Omit any pictures, and restate word for word only the lines from the one with "PANSY BASKET WALL" through the end of the data below.
DATA SECTION section start
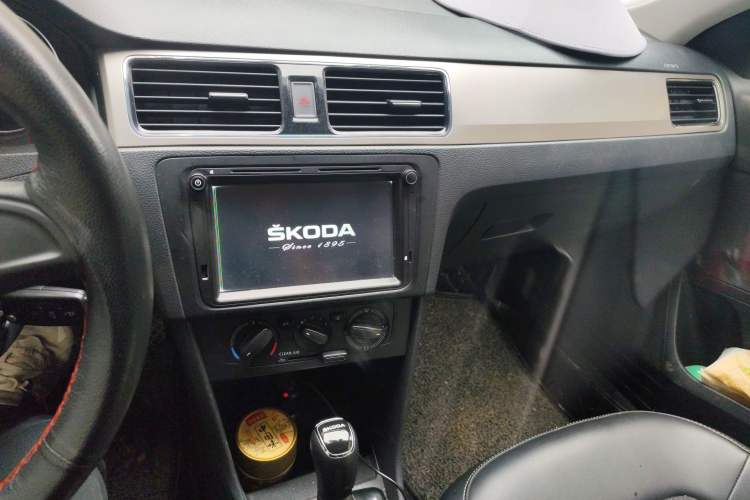 Used Skoda Rapid Spaceback 2014 1.6L Automatic Enjoyment Edition Audio And AC Panel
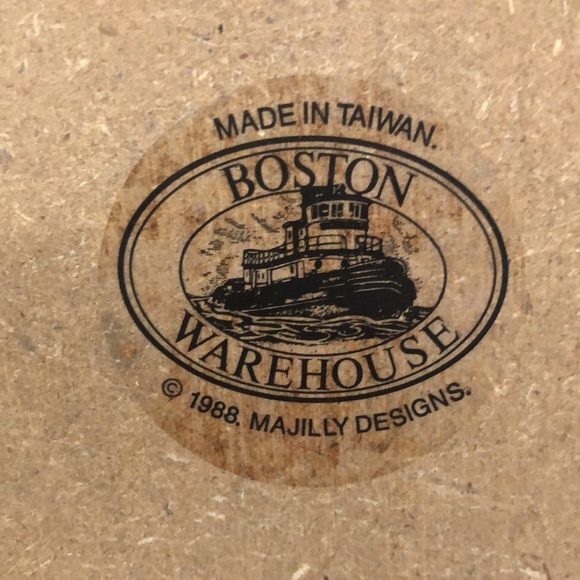 PANSY BASKET WALL RACK • BY BOSTON WAREHOUSE • 4 WOODEN 2.75” PEGS • VINTAGE - Picture 7 of 9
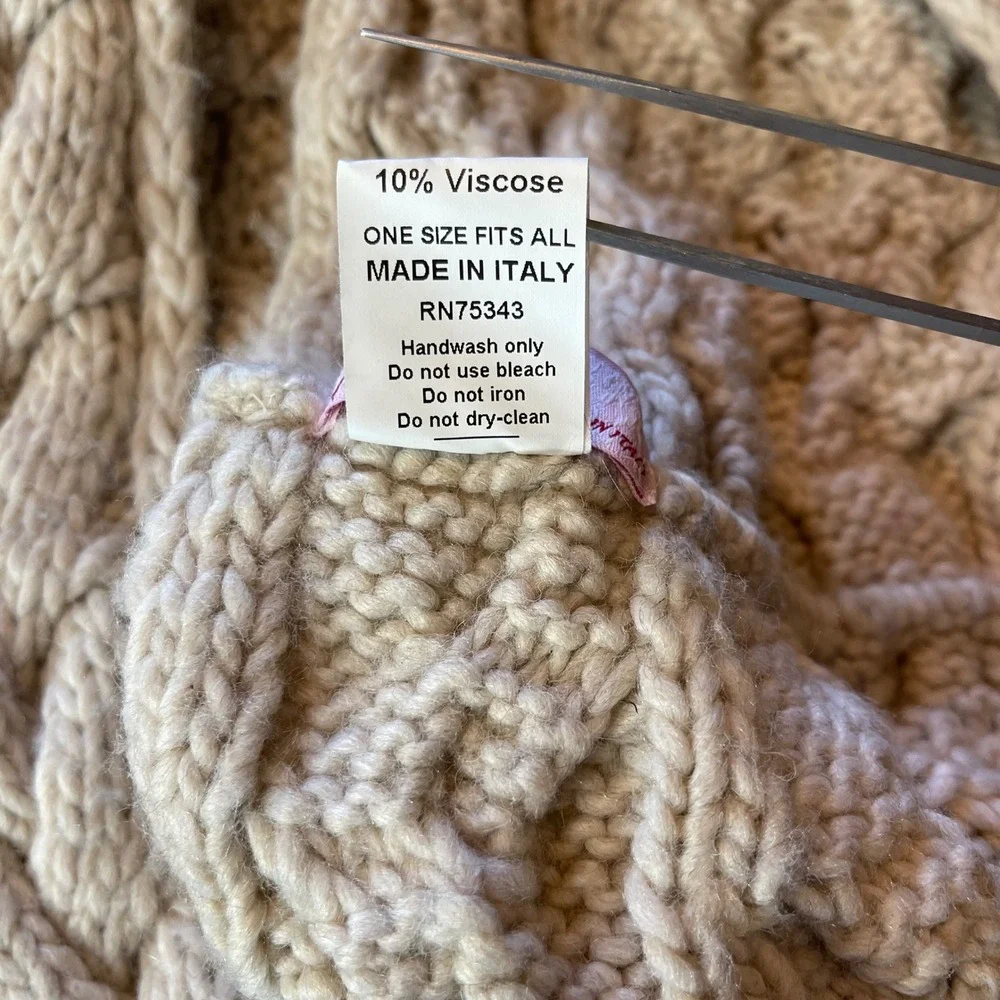 Alice V Italy Chunky Cable Knit Infinity Scarf Alpaca Wool Blend Oatmeal Beige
DATA SECTION section end
ANSWER TO THIS PROBLEM
 PANSY BASKET WALL RACK • BY BOSTON WAREHOUSE • 4 WOODEN 2.75” PEGS • VINTAGE - Picture 7 of 9
 Alice V Italy Chunky Cable Knit Infinity Scarf Alpaca Wool Blend Oatmeal Beige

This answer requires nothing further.